Lorenza Feliciani è assolta, ma viene comunque rinchiusa, come misura disciplinare, nel convento di Sant'Apollonia in Trastevere, dove rimarrà fino alla morte. Cagliostro, in seguito alla pubblica rinuncia alla sua dottrina, ottiene la grazia e la condanna viene commutata in ergastolo; da scontare nelle oscure prigioni della fortezza di San Leo a Pesaro, considerato il carcere di massima sicurezza dello Stato Pontificio. Il lungo periodo di reclusione inizia il 21 aprile 1791 e si conclude con la morte di Cagliostro che, ormai gravemente ammalato, si spegne il 26 agosto 1795, per un colpo apoplettico. Di questo periodo rimane abbondante testimonianza nell'Archivio di Stato di Pesaro, dove tuttora sono conservati gli atti riguardanti il trattamento riservato al detenuto.

La morte di Cagliostro fu trasmessa a Roma dal conte Sempronio Semproni, governatore e castellano di San Leo. Ma non tardarono a circolare leggende sul famoso personaggio. Anche perché Cagliostro era ancora amato da molte persone, come testimoniato anche da questo brano tratto da una lettera del Semproni al cardinale del Zelada, datata 12 maggio 1791. Il castellano riteneva più sicuro trasferire cagliostro nella cella del Pozzetto, la più angusta e sicura della fortezza, e scriveva “Temendo io nello stato presente, come ebbi l'onore di esprimerli in altra mia, più di una sorpresa esterna, che di un interno tradimento, e ciò in vista di questo particolare Rilegato, che ha un'infinità di incogniti aderenti e fautori…” Insomma il castellano temeva che qualcuno ne ordisse la fuga e voleva controllare più strettamente il detenuto, che “ha un fondo inarrivabile di furberia e raggiro”.

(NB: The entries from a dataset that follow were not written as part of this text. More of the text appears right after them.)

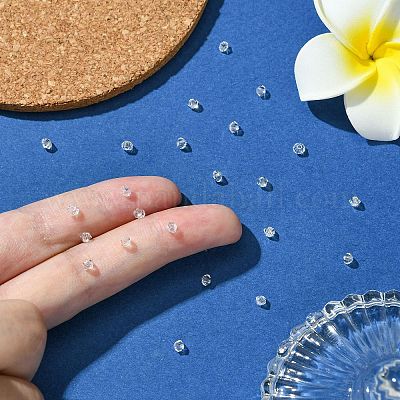 Хрустальные бусины preciosa® Y-PRC-BA3-00030-242-1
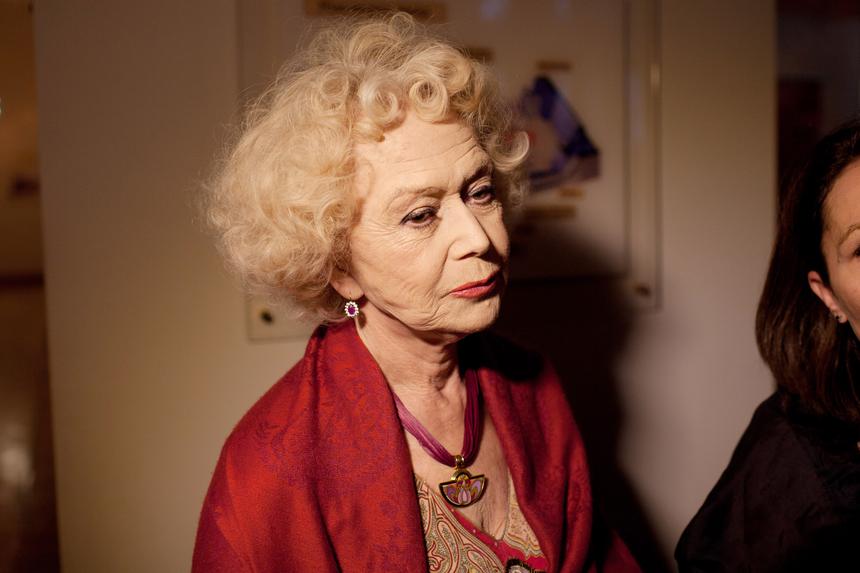 «Все бросить и уехать»: 86-летняя актриса Светлана Немоляева заговорила об отъезде из РФ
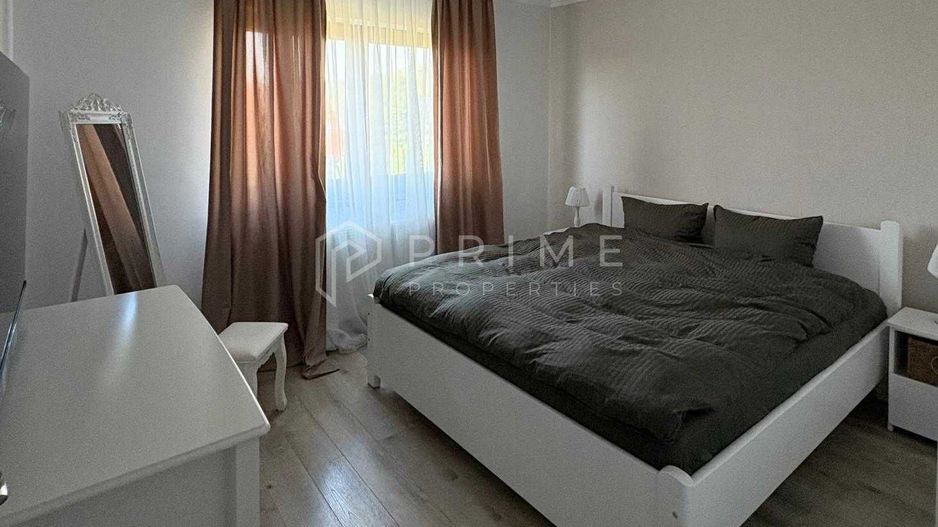 Apartament exclusivist cu 3 camere – Zona Unirii, Ansamblu Rezidențial - Poză 3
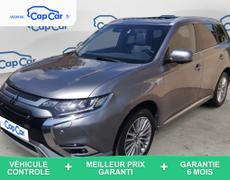 Mitsubishi Outlander Irigny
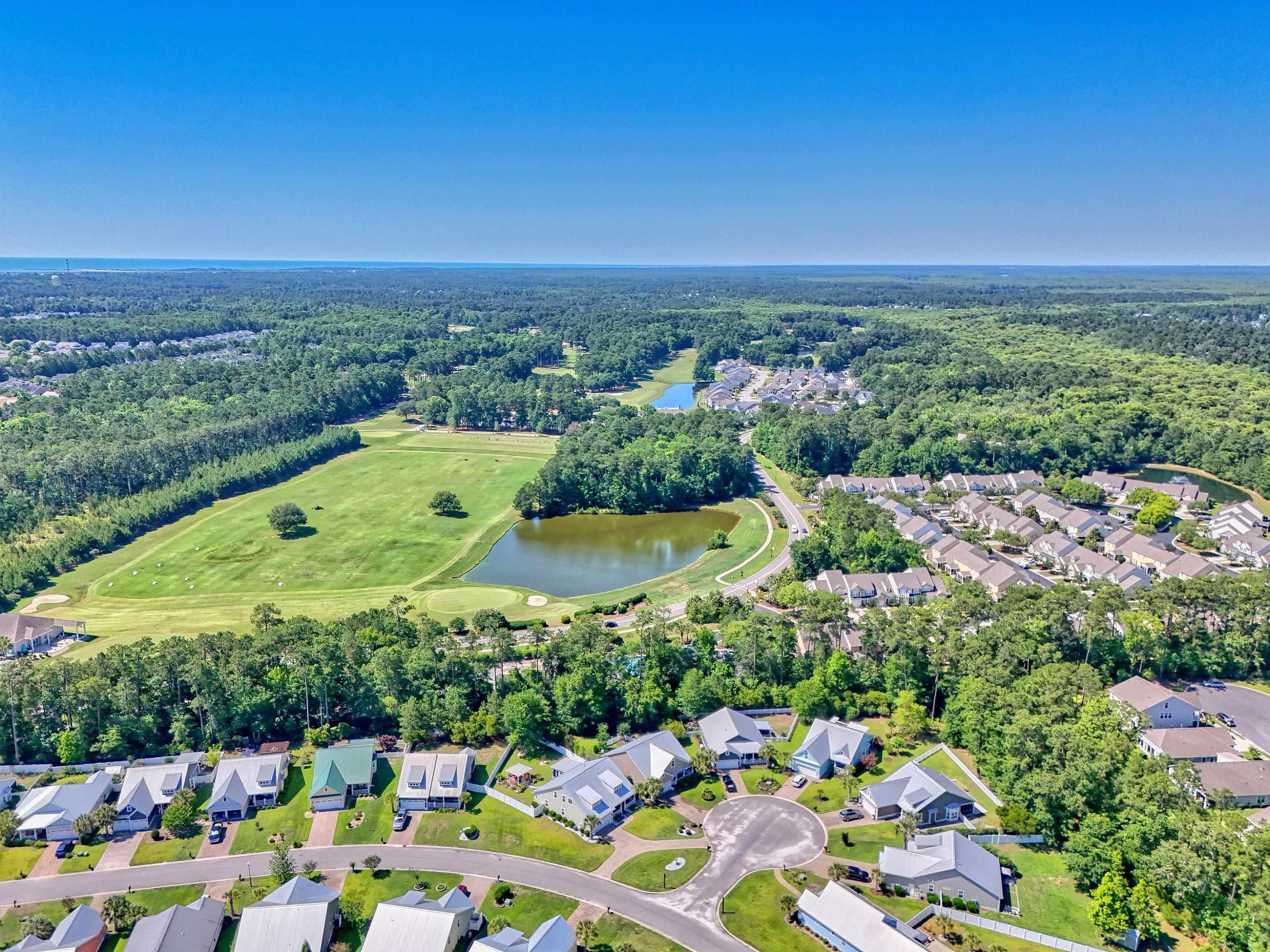 501 Percival Court Murrells Inlet, SC 29576 - Photo 55 of 58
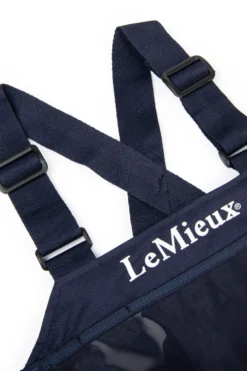 LeMieux Lemieux-Eventing Bib Nummerlapp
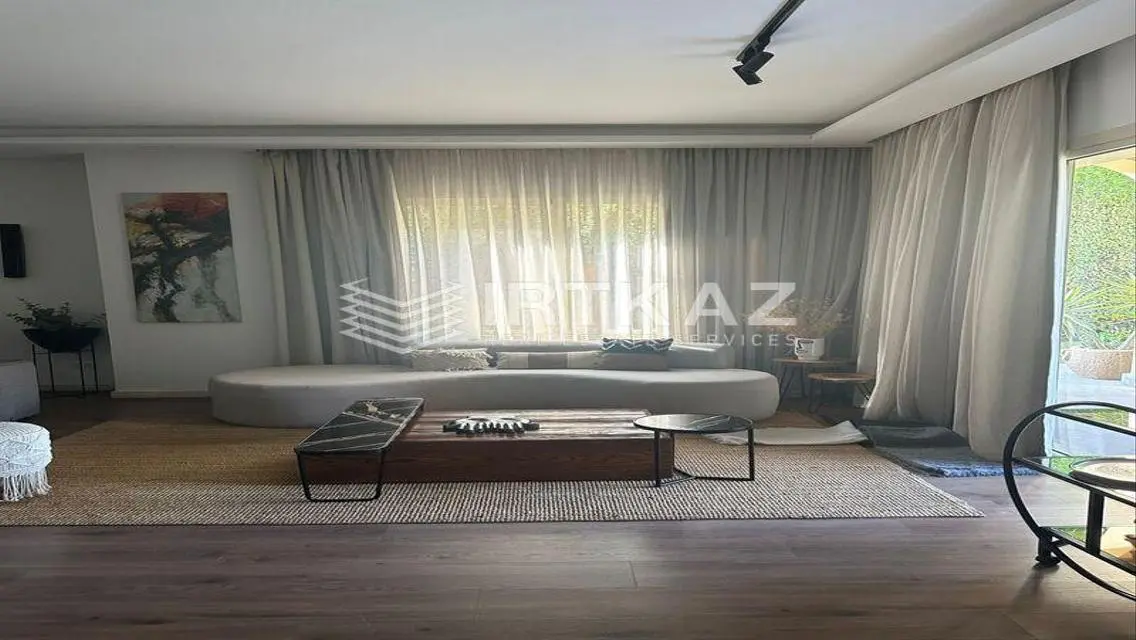 Luxury Apartment for Sale in New Area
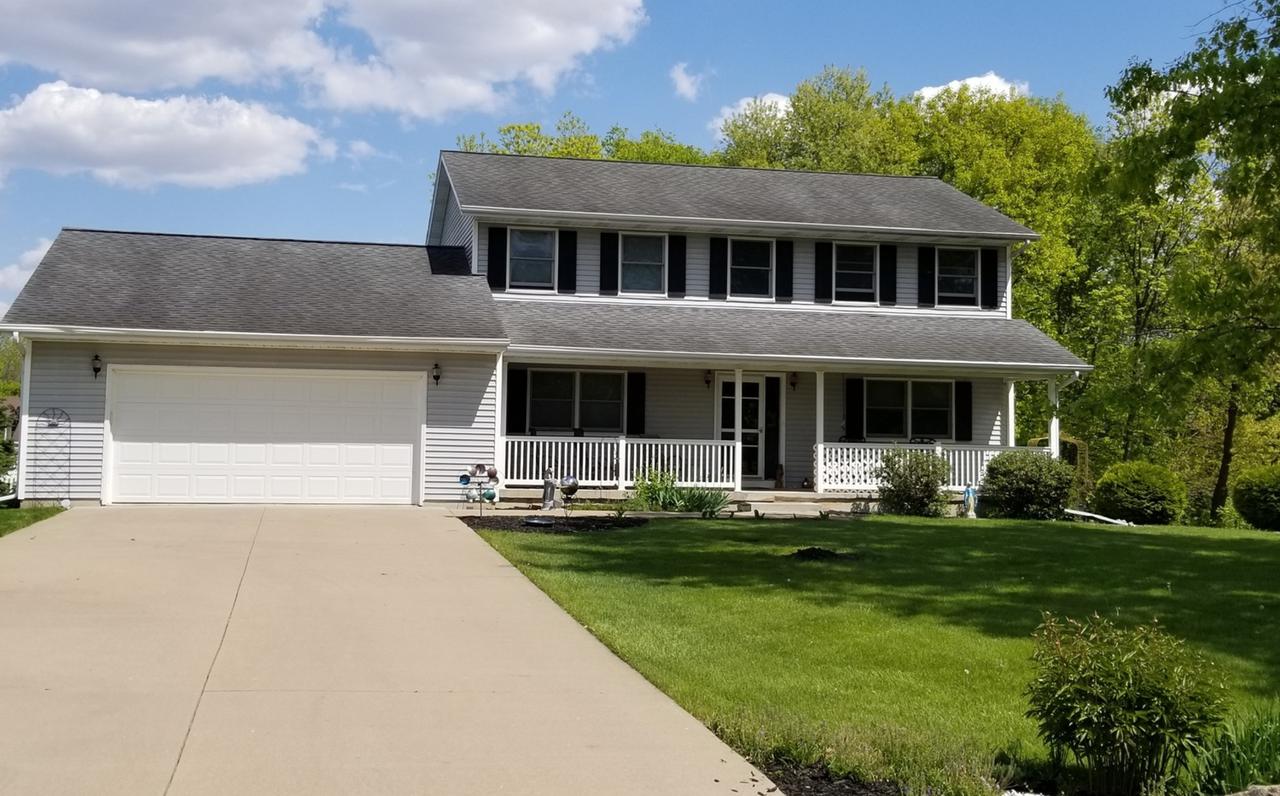 118 Wright Dr., Utica, IL 61373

Cagliostro era eretico e quindi fu sepolto “fuori di luogo sacro e senza formalità alcuna ecclesiastica.” Questo diede adito a molte leggende riguardanti la sua vera fine. Qualcuno disse che la morte non fu dovuta a un colpo apoplettico, e fu invece ucciso da un frate, durante una fuga. Altri dissero invece che l'evasione riuscì e fosse fuggito in abiti da sacerdote. Nel 1797 la fortezza di San Leo si arrese alle forze polacche del generale Dombrowski. Il generale concesse la libertà ai reclusi della fortezza, che si unirono ai soldati per festeggiare. Stando alla testimonianza del nonagenario Marco Perazzoni, morto nel 1882 a novantasei anni, i prigionieri scavarono la tomba di Cagliostro e ne usarono il teschio per brindare alla libertà. Un'altra leggenda vuole invece che Cagliostro simulò la morte e fu salvato dai massoni, con i quali salpò verso la salvezza.

Lo scrittore Pier Carpi si spinge più in là e afferma che in realtà non è chiara l'identificazione del conte di Cagliostro in Giuseppe Balsamo. Secondo lo scrittore, infatti, il conte era in realtà il figlio illegittimo di un principe portoghese, che lo affidò ancora in fasce al mercante Pietro Balsamo a Palermo, pagandolo profumatamente per evitare lo scandalo. Il mercante lo avrebbe presentato come suo figlio naturale. Nel contempo nasceva il vero figlio di Pietro Balsamo, Giuseppe. Questa situazione avrebbe permesso di identificare Cagliostro con Giuseppe Balsamo, ma in realtà il conte e Giuseppe erano due persone diverse. Alessandro sarebbe stato il vero iniziato alle arti magiche, mentre Giuseppe era un truffatore che sfruttava questa sua confusione, ricattando Alessandro, pena svelare le sue vere origini. Giuseppe inoltre sarebbe stato uno strumento nelle mani della Chiesa, che lo avrebbe mandato in giro per tutta Europa per compiere truffe e imbrogli, per screditare il vero Cagliostro, che era troppo potente e pericoloso per il clero. Alla fine non fu il vero Cagliostro a cadere nelle mani dell'Inquisizione, ma Giuseppe Balsamo, che quindi morì al posto suo. Questa teoria sarebbe avallata da un articolo pubblicato dalla rivista Stargate nel 2002, dove si parla del presunto ritrovamento di un biglietto autografo di Alessandro Cagliostro, scritto da Palermo, in cui chiederebbe all'Inquisizione la grazia per Giuseppe Balsamo, detenuto a San Leo.